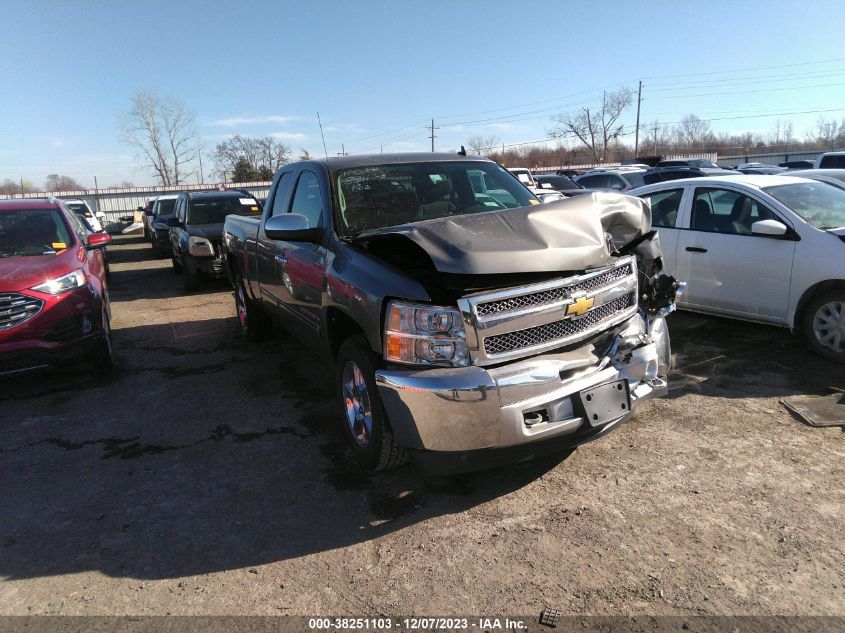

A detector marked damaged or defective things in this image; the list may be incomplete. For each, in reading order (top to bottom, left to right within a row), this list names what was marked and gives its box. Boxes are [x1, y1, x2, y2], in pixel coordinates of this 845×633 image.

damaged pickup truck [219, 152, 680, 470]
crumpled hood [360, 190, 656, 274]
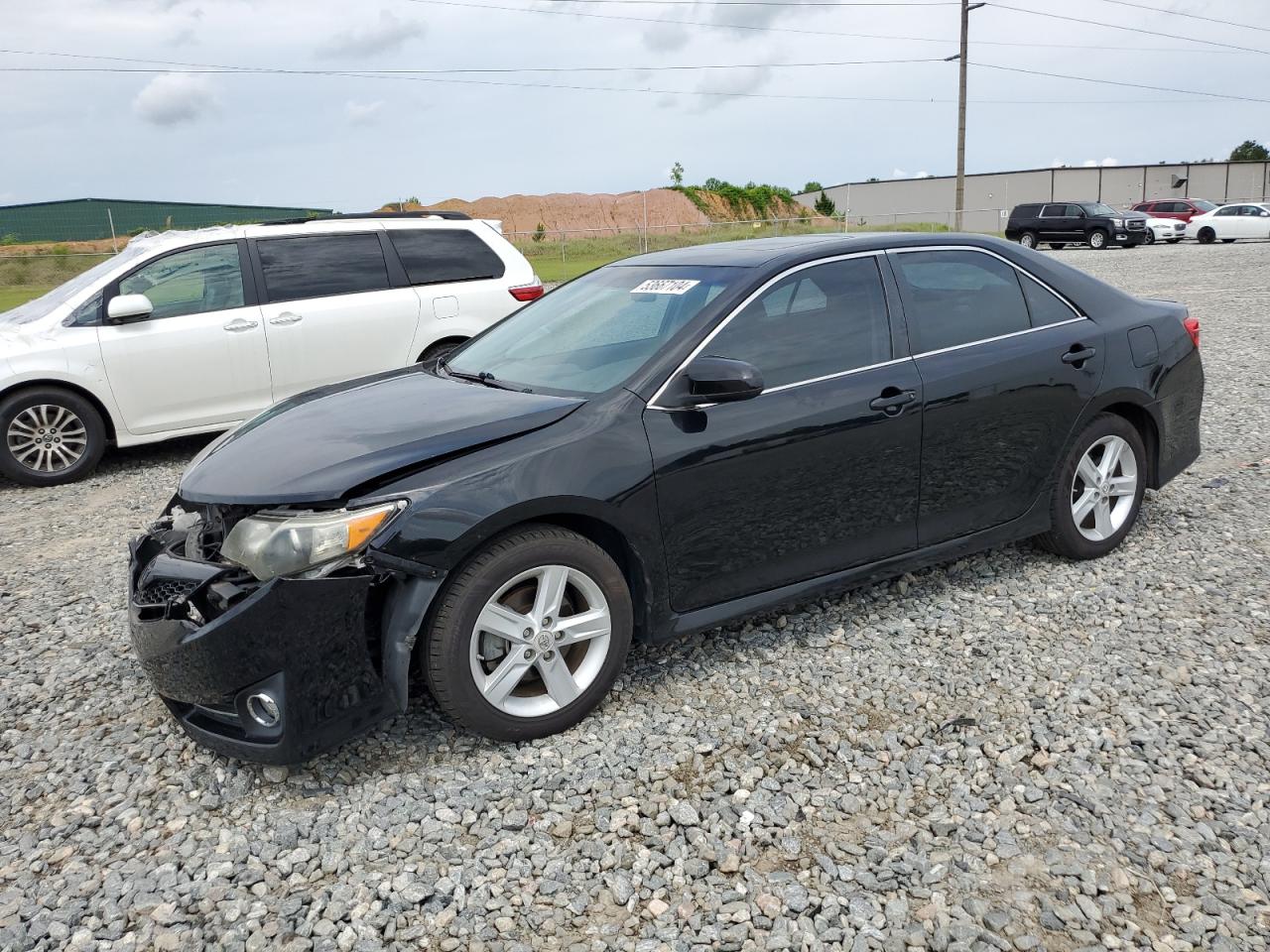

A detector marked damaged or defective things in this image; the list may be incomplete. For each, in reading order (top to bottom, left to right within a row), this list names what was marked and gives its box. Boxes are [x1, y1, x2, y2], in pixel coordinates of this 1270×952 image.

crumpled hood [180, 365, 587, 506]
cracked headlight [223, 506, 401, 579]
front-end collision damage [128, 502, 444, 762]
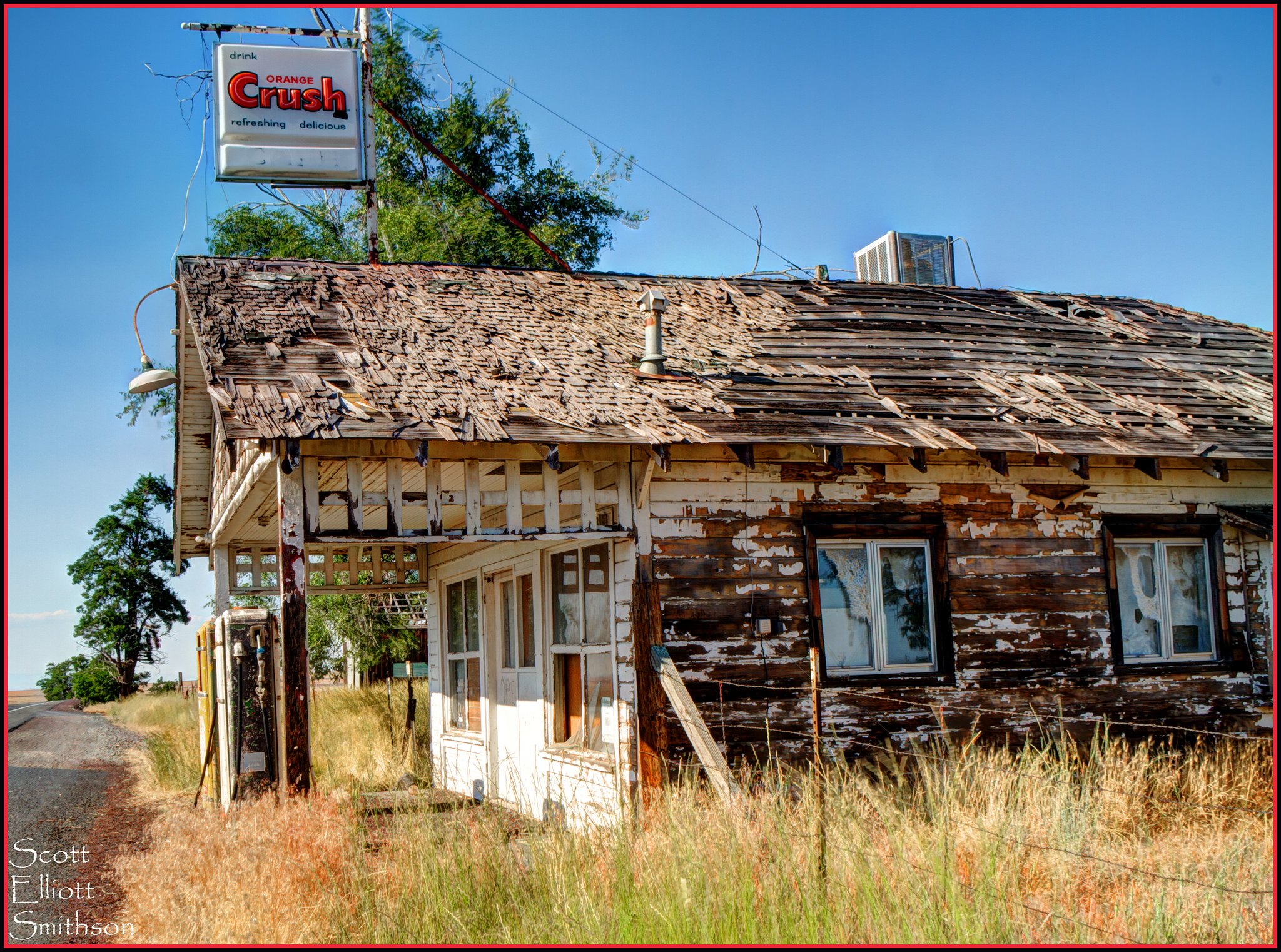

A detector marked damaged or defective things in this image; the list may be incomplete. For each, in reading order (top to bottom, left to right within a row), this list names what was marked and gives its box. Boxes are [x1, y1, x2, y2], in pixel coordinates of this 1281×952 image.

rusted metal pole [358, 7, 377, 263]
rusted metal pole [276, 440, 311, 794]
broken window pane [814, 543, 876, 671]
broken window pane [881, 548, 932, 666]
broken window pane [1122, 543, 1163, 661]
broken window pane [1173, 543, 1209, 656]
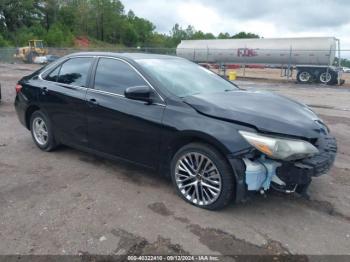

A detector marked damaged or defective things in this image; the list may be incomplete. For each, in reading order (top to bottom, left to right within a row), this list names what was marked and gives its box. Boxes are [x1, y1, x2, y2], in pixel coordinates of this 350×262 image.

_ _ _ _ _ _ _

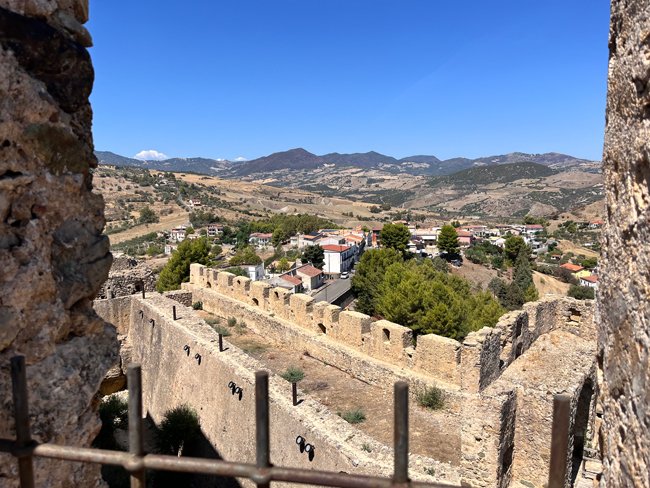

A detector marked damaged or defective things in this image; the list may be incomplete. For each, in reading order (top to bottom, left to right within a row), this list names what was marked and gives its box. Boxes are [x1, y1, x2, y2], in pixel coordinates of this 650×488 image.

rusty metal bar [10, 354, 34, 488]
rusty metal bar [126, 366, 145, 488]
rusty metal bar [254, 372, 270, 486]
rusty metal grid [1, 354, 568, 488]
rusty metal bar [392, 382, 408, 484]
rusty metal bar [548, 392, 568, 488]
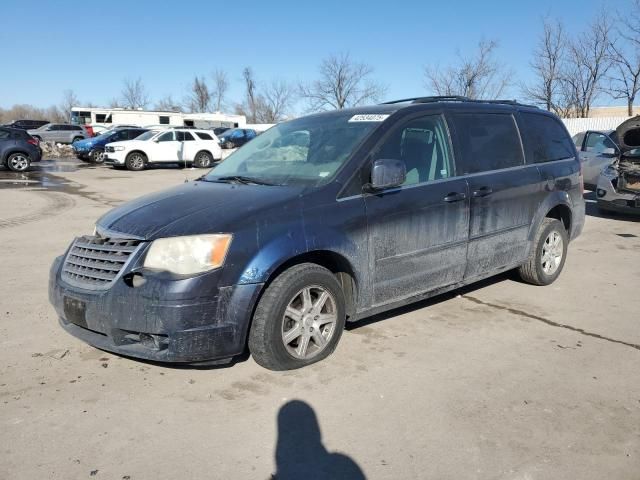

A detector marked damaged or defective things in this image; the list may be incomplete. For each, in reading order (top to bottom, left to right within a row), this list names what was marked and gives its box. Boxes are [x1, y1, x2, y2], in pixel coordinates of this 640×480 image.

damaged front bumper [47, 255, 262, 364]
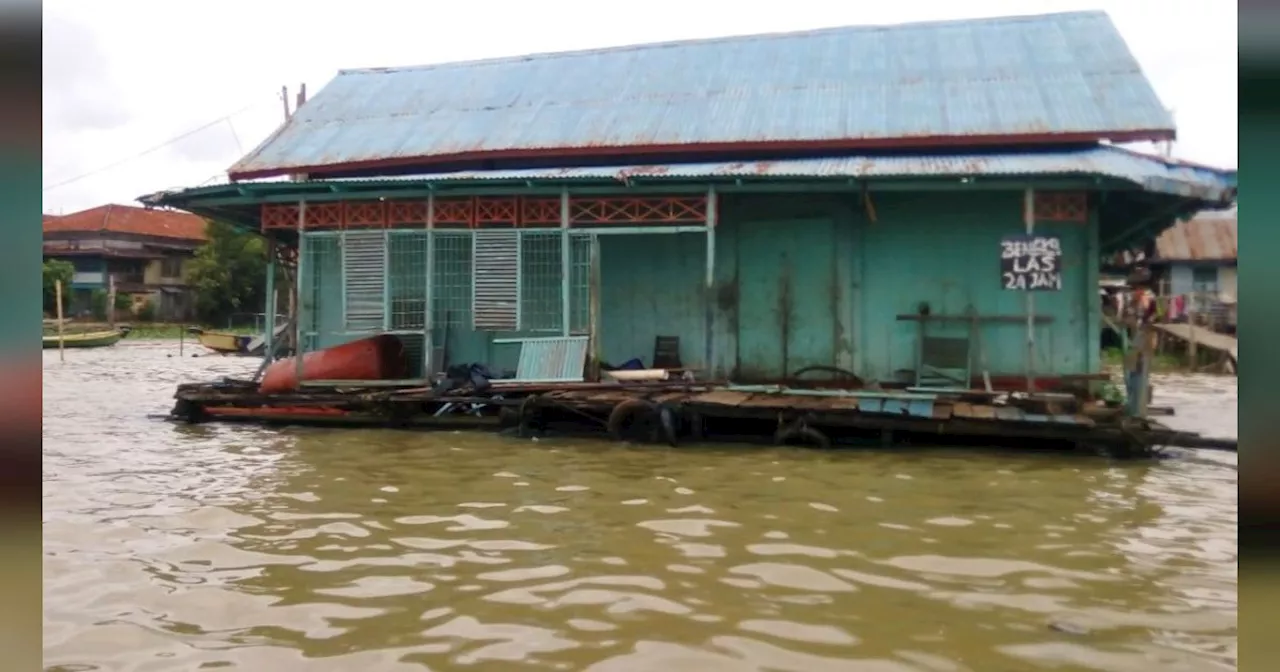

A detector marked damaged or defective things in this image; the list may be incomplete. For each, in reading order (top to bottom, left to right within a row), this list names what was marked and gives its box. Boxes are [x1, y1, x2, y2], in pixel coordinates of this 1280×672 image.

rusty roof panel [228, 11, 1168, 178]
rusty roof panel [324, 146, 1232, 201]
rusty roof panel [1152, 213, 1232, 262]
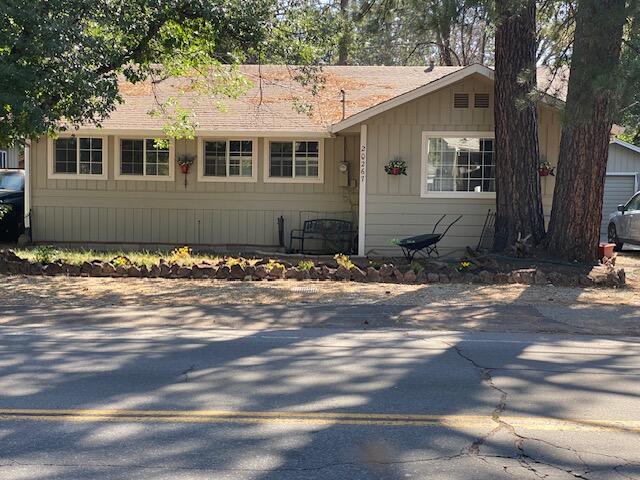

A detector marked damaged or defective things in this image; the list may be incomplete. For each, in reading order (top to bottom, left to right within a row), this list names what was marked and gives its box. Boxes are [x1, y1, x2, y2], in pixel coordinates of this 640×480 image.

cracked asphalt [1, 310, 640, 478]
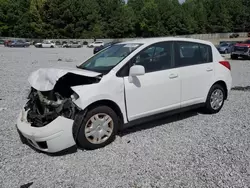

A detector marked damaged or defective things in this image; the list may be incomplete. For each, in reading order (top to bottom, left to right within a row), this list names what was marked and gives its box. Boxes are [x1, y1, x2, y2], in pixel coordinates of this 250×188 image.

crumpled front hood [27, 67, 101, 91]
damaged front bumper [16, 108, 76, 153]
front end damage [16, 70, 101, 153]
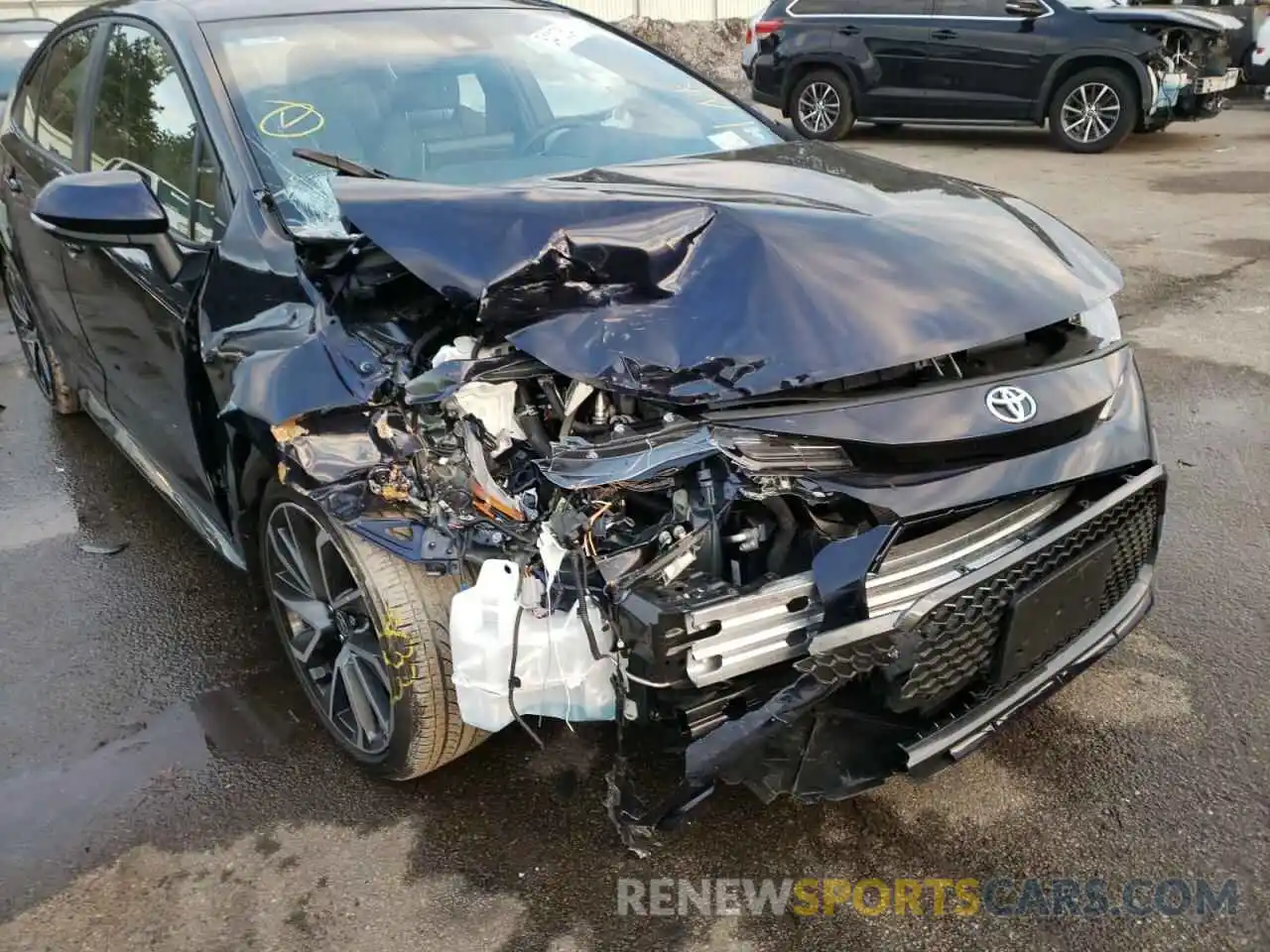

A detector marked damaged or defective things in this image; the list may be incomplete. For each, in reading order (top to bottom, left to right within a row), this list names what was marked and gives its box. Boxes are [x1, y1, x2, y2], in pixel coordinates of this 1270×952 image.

_ _ _ _ _ _ _

# PROMPT
The answer should consist only of the lines above from the one with "this 845×633 image." through the one with "this 350×262 image.", repeated exactly, with no pictures among them.

# ANSWER BOX
A detector marked damaged or defective things in this image; the list may be incomplete. For each, in reading order (top to bottom, left to right within a row), this list names what was marked and gives its box. Boxes are [x1, y1, x2, y2], in pixel coordinates of this 845×633 image.

damaged pickup truck [219, 152, 680, 470]
crumpled hood [360, 190, 656, 274]

A detector marked damaged or defective things in this image; the list may be incomplete. For each, in reading order (top to bottom, left to right within a row), this list names what was marked and gives its box. Boxes are [x1, y1, x2, y2], in pixel coordinates of this 1270×952 image.

crumpled hood [180, 365, 587, 506]
cracked headlight [223, 506, 401, 579]
front-end collision damage [128, 502, 444, 762]

A detector marked damaged or defective things in this image; the list may be incomplete. For each, in reading order (top to bottom, left to right within a row), this list names what was marked and gives its box. Boxes are [x1, y1, x2, y2], in pixel coordinates of this 1281×952 image.

rusted metal pole [358, 7, 377, 263]
rusted metal pole [276, 440, 311, 794]
broken window pane [814, 543, 876, 671]
broken window pane [881, 548, 932, 666]
broken window pane [1122, 543, 1163, 661]
broken window pane [1173, 543, 1209, 656]

A detector marked damaged or defective things in this image; the list may be incomplete. For each, in reading order (top to bottom, left to right within a row), this list names what was marked and gives its box. Boxes are [x1, y1, x2, y2], in pixel coordinates of this 350×262 image.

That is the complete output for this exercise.